Nel complesso, gli appuntamenti culturali non sono particolarmente seguiti a Benevento. Anche perché l’offerta è molto ampia e il pubblico si disperde. Per quanto riguarda l’iniziativa “Nonsololibri”, giunta quest’anno alla seconda edizione, gli appuntamenti più seguiti sono in genere quelli legati al tema della legalità.
L’anno scorso c’è stata una buona affluenza di pubblico alla presentazione del libro “L’oro della camorra”, della collega Rosaria Capacchione. Allo stesso modo, anche quest’anno le presentazioni più seguite sono state quelle del libro “Il cappio” del sostituto procuratore della Direzione nazionale antimafia, Maurizio De Lucia, e del libro “O’ cecato” della giornalista Daniela De Crescenzo.

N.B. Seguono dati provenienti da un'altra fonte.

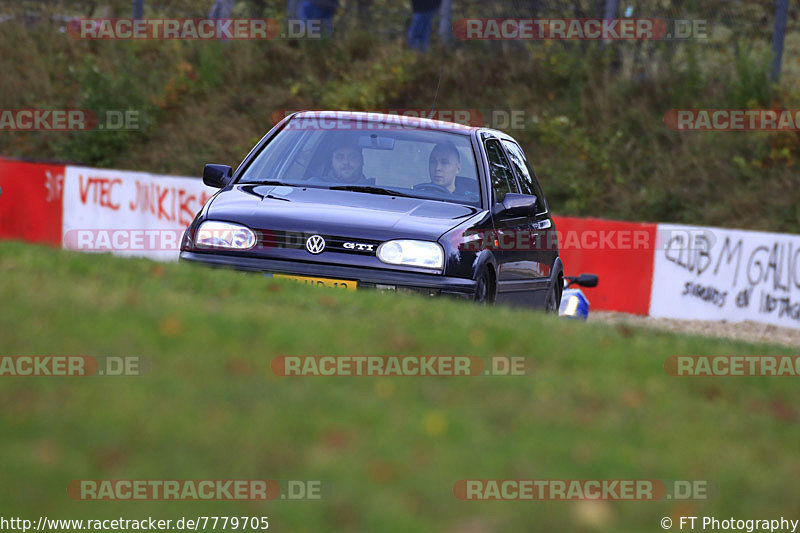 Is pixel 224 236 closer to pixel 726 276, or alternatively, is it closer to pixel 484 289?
pixel 484 289

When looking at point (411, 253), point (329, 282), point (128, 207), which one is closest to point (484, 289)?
point (411, 253)

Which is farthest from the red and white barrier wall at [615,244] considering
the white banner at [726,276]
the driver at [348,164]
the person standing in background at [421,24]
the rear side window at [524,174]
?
the person standing in background at [421,24]

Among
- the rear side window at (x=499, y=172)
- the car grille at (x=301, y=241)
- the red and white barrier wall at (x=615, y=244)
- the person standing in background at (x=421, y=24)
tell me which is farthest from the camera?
the person standing in background at (x=421, y=24)

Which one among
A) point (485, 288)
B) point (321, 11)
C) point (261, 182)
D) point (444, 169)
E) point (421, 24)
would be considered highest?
point (321, 11)

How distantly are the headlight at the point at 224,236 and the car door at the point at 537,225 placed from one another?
255cm

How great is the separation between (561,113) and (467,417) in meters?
19.7

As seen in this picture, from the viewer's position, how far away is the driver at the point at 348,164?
9484 millimetres

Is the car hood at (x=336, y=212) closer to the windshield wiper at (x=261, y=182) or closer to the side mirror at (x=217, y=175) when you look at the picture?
Result: the windshield wiper at (x=261, y=182)

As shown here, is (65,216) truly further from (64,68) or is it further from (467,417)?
(467,417)

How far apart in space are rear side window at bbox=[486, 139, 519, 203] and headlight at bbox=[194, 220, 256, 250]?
205cm

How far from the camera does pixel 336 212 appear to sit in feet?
28.2

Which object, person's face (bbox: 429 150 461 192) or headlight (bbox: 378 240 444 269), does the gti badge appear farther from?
person's face (bbox: 429 150 461 192)

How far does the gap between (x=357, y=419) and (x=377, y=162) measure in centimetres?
509

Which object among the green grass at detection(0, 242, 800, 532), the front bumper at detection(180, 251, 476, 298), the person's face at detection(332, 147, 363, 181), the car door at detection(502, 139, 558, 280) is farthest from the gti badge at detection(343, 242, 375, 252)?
the car door at detection(502, 139, 558, 280)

Nell’album dei ricordi, quale articolo su Benevento occupa la prima pagina?
Purtroppo è legata ad un evento luttuoso: la morte di un neonato nell’incubatrice, avvenuta nel 1999, di cui si occupò per giorni anche la stampa nazionale. Seguii il tragico evento per conto del Corriere del Mezzogiorno e, nonostante la presenza dell’inviato del giornale venuto da Napoli, mi fu affidato il compito di redigere l’articolo principale. Il giorno dopo ricevetti persino i complimenti telefonici del direttore Marco Demarco. Una grande soddisfazione.
Come titolerebbe un editoriale per raccontare cosa apprezza e cosa cambierebbe della Benevento di oggi?

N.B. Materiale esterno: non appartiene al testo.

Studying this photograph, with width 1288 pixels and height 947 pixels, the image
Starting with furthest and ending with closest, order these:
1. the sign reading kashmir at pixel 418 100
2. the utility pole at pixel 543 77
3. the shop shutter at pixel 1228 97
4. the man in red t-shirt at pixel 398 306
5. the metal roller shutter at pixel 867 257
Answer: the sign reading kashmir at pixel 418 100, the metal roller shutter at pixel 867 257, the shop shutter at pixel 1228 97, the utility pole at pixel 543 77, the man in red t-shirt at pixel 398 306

Il titolo potrebbe essere “Voltiamo pagina”. L’attacco dell’editoriale, però, ancora non riesco ad immaginarlo. Ci sono tante, troppe cose che non vanno, a partire dall’apatia che avvolge, come una nebbia, la vita politica, economica e culturale della città. Ecco, vorrei poter commentare un evento che rappresentasse il punto di svolta, ma che, purtroppo, ancora non è avvenuto.
Quando nasce l’idea di scrivere il libro “Cerreto Sannita: un modello di ricostruzione post-sismica”? E quanto è attuale la tematica affrontata, guardando alle ricostruzioni post-sismiche più recenti?
L’idea di scrivere il libro è nata in occasione del terremoto di San Giuliano di Puglia del 2002. Nelle ore immediatamente successive alla tragedia, il geologo Mario Tozzi (che all’epoca conduceva su Rai Tre “Gaia, il pianeta che vive”), intervenendo a una trasmissione, definì Cerreto Sannita “un modello positivo e razionale di ricostruzione post-sismica”.
Mi colpì molto e così decisi di scrivere un istant-book. Lo proposi al gruppo editoriale Guida ma i tempi di pubblicazione sarebbero stati lunghi. Così decisi di pubblicarmelo da solo. Nel giro di pochi mesi le 1.000 copie stampate andarono esaurite. Oggi è disponibile solo in formato pdf sul mio sito internet billynuzzolillo.it.
L’attualità della tematica è confermata dal fatto che, in occasione del terremoto dell’Abruzzo dello scorso anno, mi ha intervistato il Tg1, chiedendomi di illustrare il modello di ricostruzione di Cerreto, che dopo il terremoto del 1688, fu ricostruita ex-novo e con criteri che qualcuno ha persino definito di cultura antisismica, ma che è più corretto definire di “protezione civile”.
Lei che è passato dalla Voce di Montanelli alla direzione del blognotes Sanniopress (da lei fondato nel 1999), come vede il futuro della professione giornalistica rispetto alla nuova frontiera del digitale e alle forme di citizen journalism?
Credo che in futuro lo spazio riservato alla carta stampa si restringerà sempre più. I quotidiani, però, non scompariranno del tutto. Avranno semplicemente una funzione diversa. L’informazione primaria, anche a livello locale, si acquisirà principalmente attraverso i new media. Tutto questo sta già portando ad una profonda trasformazione della professione giornalistica.
Oggi, tra le fonti da verificare, vi sono ad esempio i blog. Allo stesso modo i giornalisti si sono dovuti dotare di macchina fotografica digitale o telefonino in grado di scattare foto. In futuro, magari, avremo tutti l’iPad e ricorreremo a nuove fonti, tra cui assumeranno un ruolo sempre maggiore proprio le varie forme di citizen journalism che via via emergeranno.